**Activity:** Transcribe the line that contains "Arts de la rue" and every line after it to the end of the records, exactly and nothing else. Skip the pictures.

(Saved data entries)

● ● ● ● ●

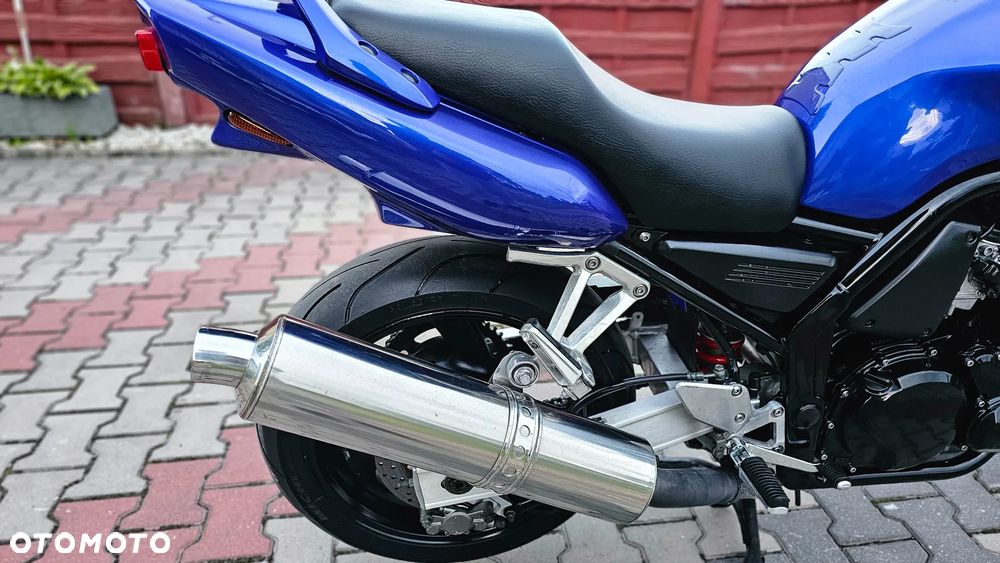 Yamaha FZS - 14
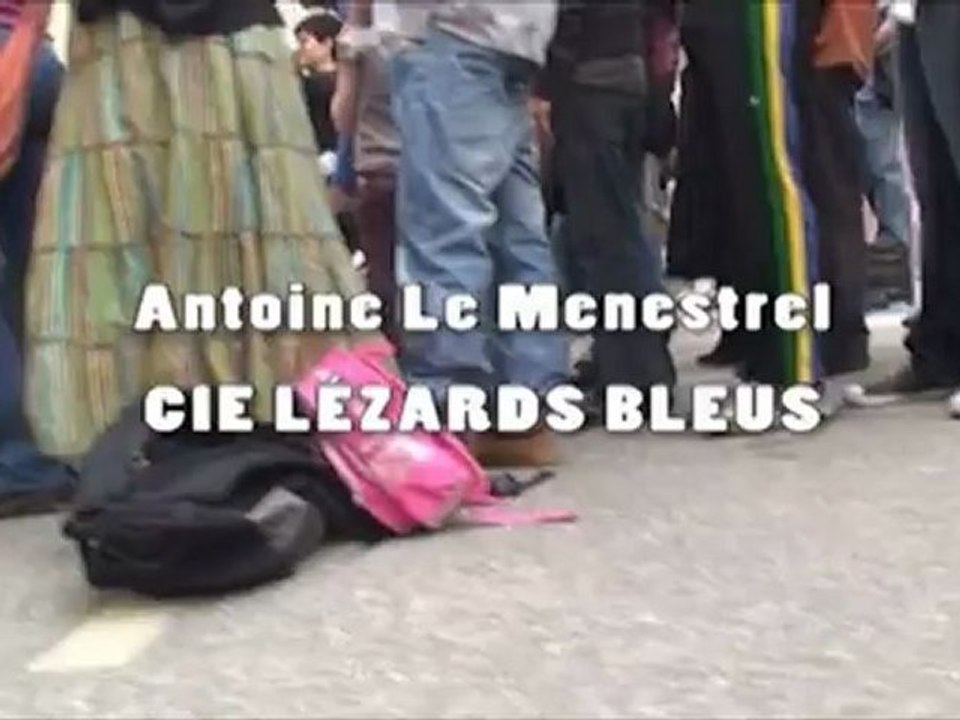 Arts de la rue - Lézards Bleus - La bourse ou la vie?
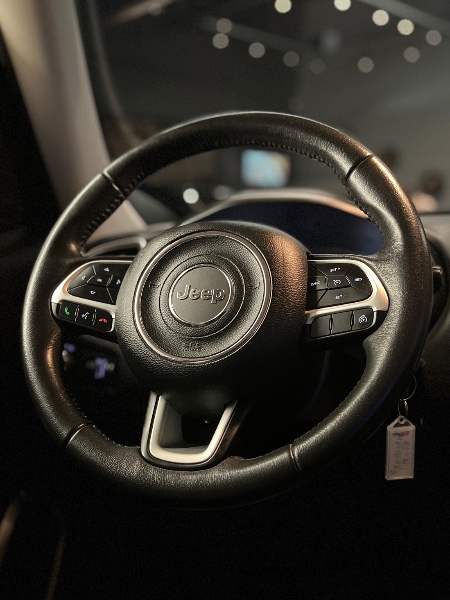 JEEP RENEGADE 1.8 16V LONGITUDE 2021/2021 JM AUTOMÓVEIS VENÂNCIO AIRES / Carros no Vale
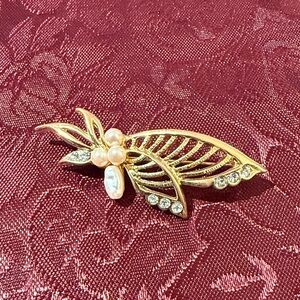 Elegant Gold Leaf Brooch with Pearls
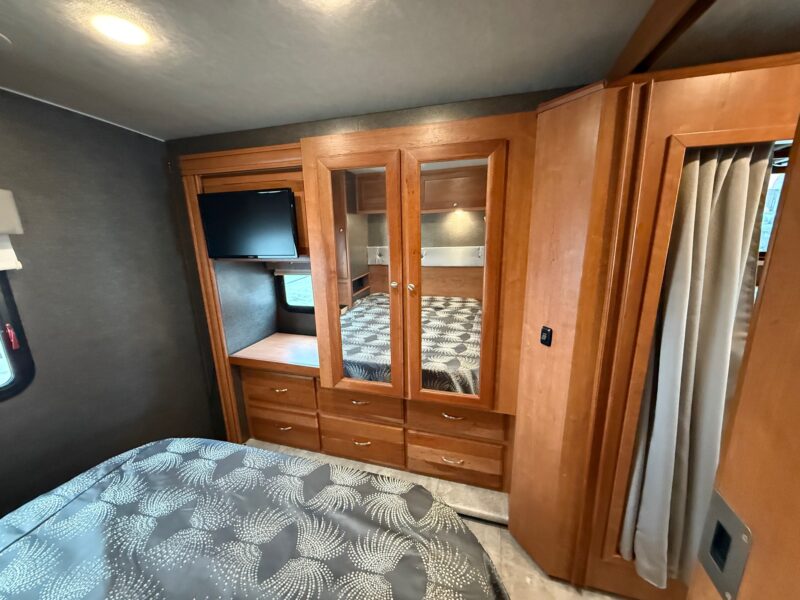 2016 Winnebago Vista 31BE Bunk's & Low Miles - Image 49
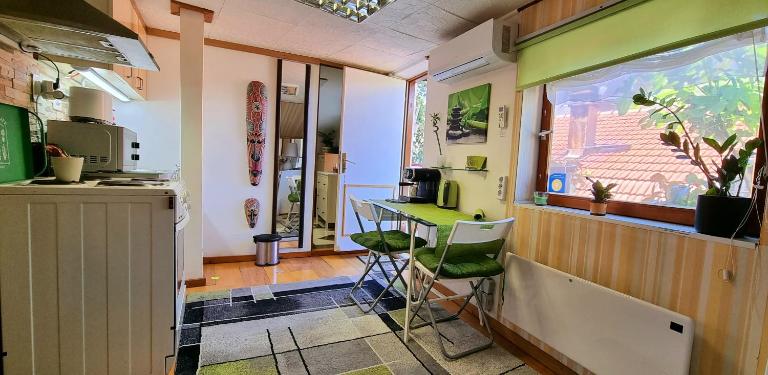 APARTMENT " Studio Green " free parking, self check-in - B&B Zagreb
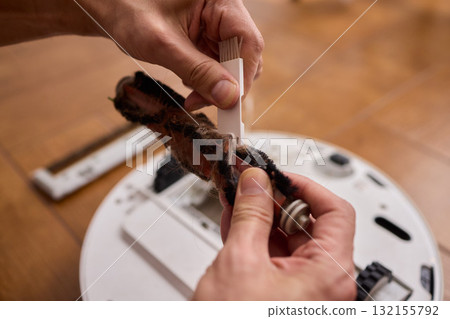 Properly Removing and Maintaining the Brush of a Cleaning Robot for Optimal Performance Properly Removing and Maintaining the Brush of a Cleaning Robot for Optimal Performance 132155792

● ● ● ● ●

**Reply to the exercise:**
 Arts de la rue - Lézards Bleus - La bourse ou la vie?
 JEEP RENEGADE 1.8 16V LONGITUDE 2021/2021 JM AUTOMÓVEIS VENÂNCIO AIRES / Carros no Vale
 Elegant Gold Leaf Brooch with Pearls
 2016 Winnebago Vista 31BE Bunk's & Low Miles - Image 49
 APARTMENT " Studio Green " free parking, self check-in - B&B Zagreb
 Properly Removing and Maintaining the Brush of a Cleaning Robot for Optimal Performance Properly Removing and Maintaining the Brush of a Cleaning Robot for Optimal Performance 132155792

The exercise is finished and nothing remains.